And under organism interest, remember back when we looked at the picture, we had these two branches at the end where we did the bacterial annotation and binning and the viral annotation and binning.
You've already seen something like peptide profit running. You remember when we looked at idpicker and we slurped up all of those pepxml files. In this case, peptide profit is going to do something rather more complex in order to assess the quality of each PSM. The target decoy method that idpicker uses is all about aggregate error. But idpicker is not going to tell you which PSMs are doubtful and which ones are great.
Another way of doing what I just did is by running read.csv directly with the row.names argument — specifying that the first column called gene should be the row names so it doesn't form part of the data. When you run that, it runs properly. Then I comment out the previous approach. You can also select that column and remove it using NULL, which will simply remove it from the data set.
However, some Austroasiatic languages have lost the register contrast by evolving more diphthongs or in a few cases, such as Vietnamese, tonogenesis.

...

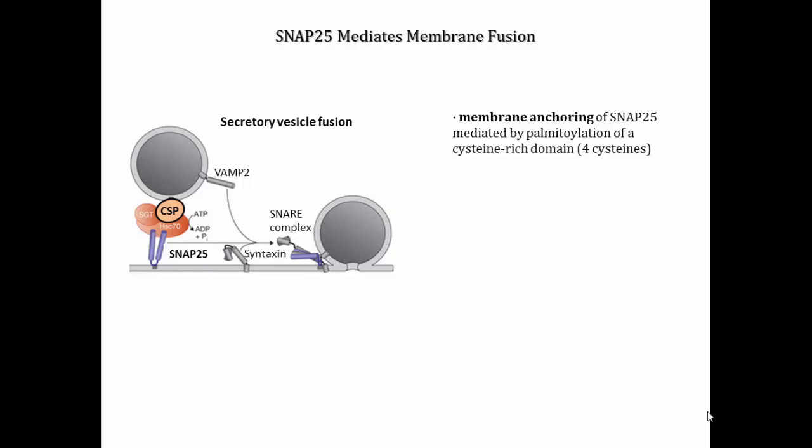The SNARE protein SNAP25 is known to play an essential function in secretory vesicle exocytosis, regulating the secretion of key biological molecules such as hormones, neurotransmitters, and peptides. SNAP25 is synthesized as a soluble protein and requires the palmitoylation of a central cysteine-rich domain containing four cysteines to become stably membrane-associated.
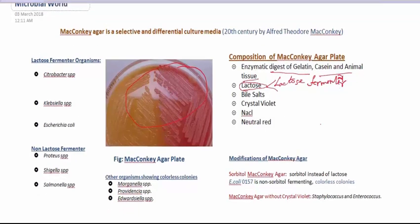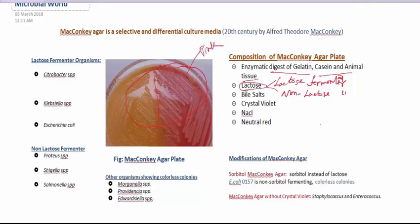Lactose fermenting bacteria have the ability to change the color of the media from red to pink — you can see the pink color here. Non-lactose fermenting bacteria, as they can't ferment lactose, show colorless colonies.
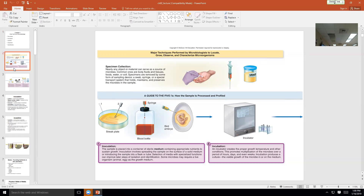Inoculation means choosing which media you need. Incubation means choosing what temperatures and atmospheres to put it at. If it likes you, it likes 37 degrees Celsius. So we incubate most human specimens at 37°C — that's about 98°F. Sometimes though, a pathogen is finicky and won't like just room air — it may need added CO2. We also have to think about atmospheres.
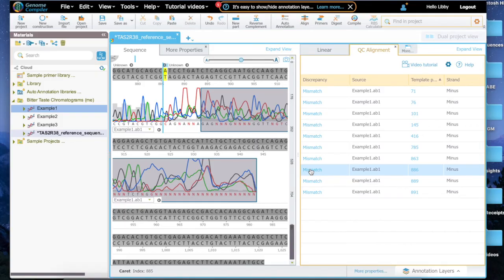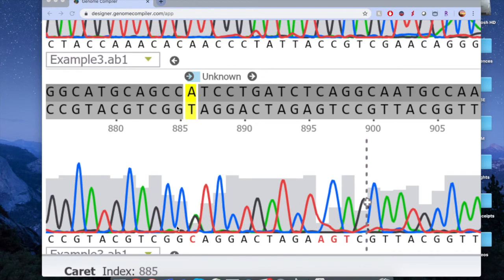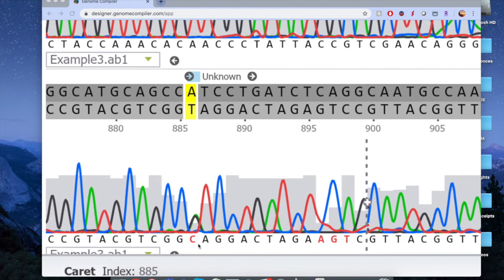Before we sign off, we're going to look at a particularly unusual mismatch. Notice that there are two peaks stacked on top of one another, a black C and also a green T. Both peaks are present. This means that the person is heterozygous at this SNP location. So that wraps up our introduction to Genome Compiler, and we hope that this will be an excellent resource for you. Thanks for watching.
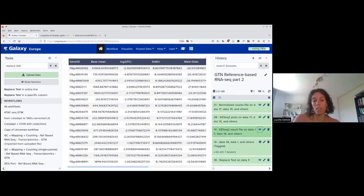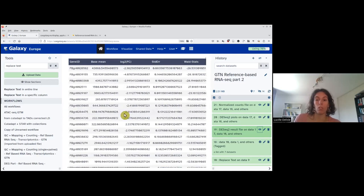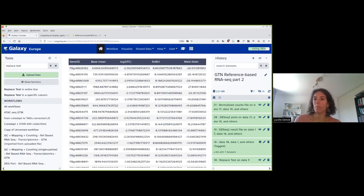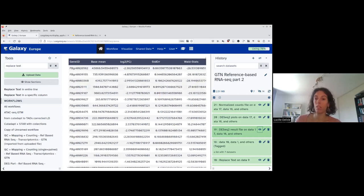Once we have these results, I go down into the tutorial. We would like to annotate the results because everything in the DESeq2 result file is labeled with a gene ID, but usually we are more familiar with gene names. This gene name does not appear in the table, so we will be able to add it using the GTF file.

==

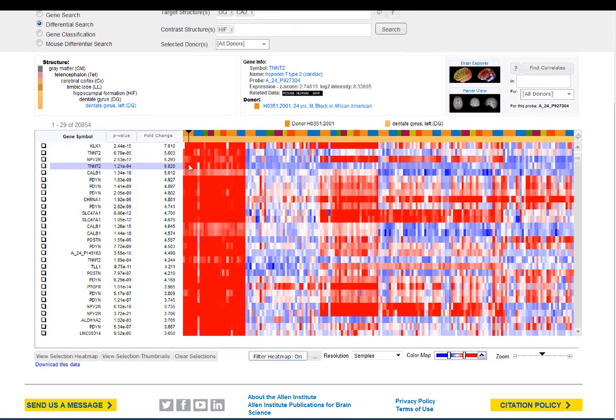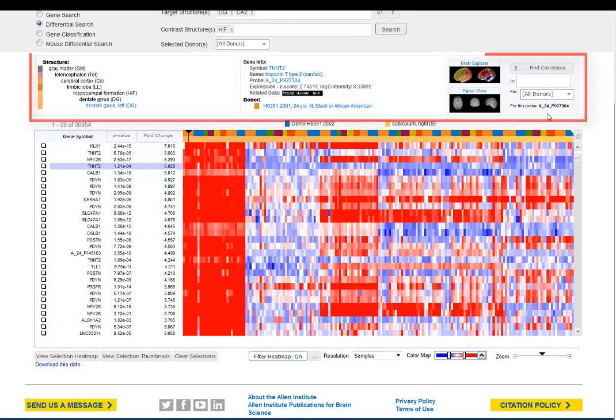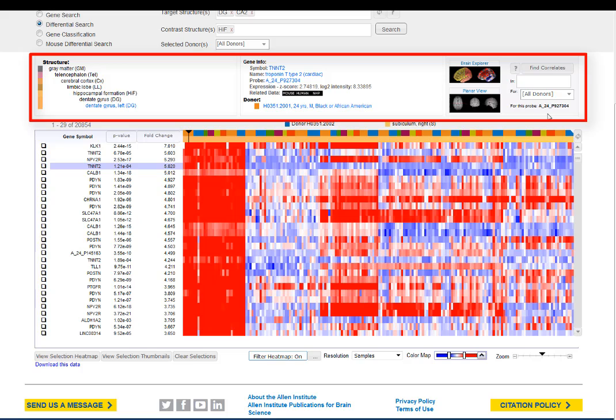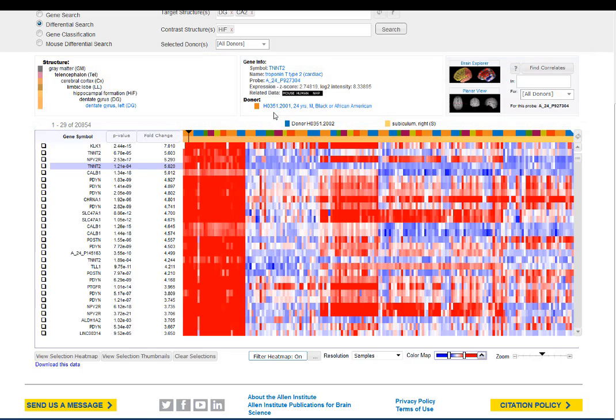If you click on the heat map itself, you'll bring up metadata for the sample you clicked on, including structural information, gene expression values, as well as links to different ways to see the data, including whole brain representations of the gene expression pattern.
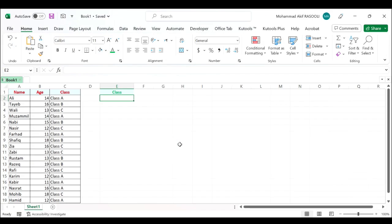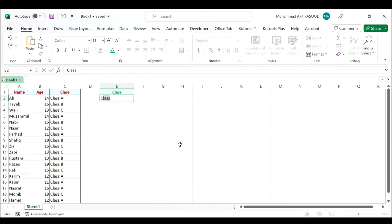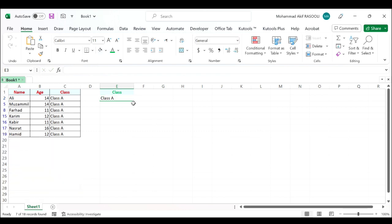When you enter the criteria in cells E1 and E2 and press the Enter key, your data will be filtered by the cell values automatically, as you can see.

Exercise: What you give back should be only the lines of the records above, starting at the line with "You've already seen" and ending at the line with "However, some Austroasiatic", restated word for word.

Reply to the exercise:
You've already seen something like peptide profit running. You remember when we looked at idpicker and we slurped up all of those pepxml files. In this case, peptide profit is going to do something rather more complex in order to assess the quality of each PSM. The target decoy method that idpicker uses is all about aggregate error. But idpicker is not going to tell you which PSMs are doubtful and which ones are great.
Another way of doing what I just did is by running read.csv directly with the row.names argument — specifying that the first column called gene should be the row names so it doesn't form part of the data. When you run that, it runs properly. Then I comment out the previous approach. You can also select that column and remove it using NULL, which will simply remove it from the data set.
However, some Austroasiatic languages have lost the register contrast by evolving more diphthongs or in a few cases, such as Vietnamese, tonogenesis.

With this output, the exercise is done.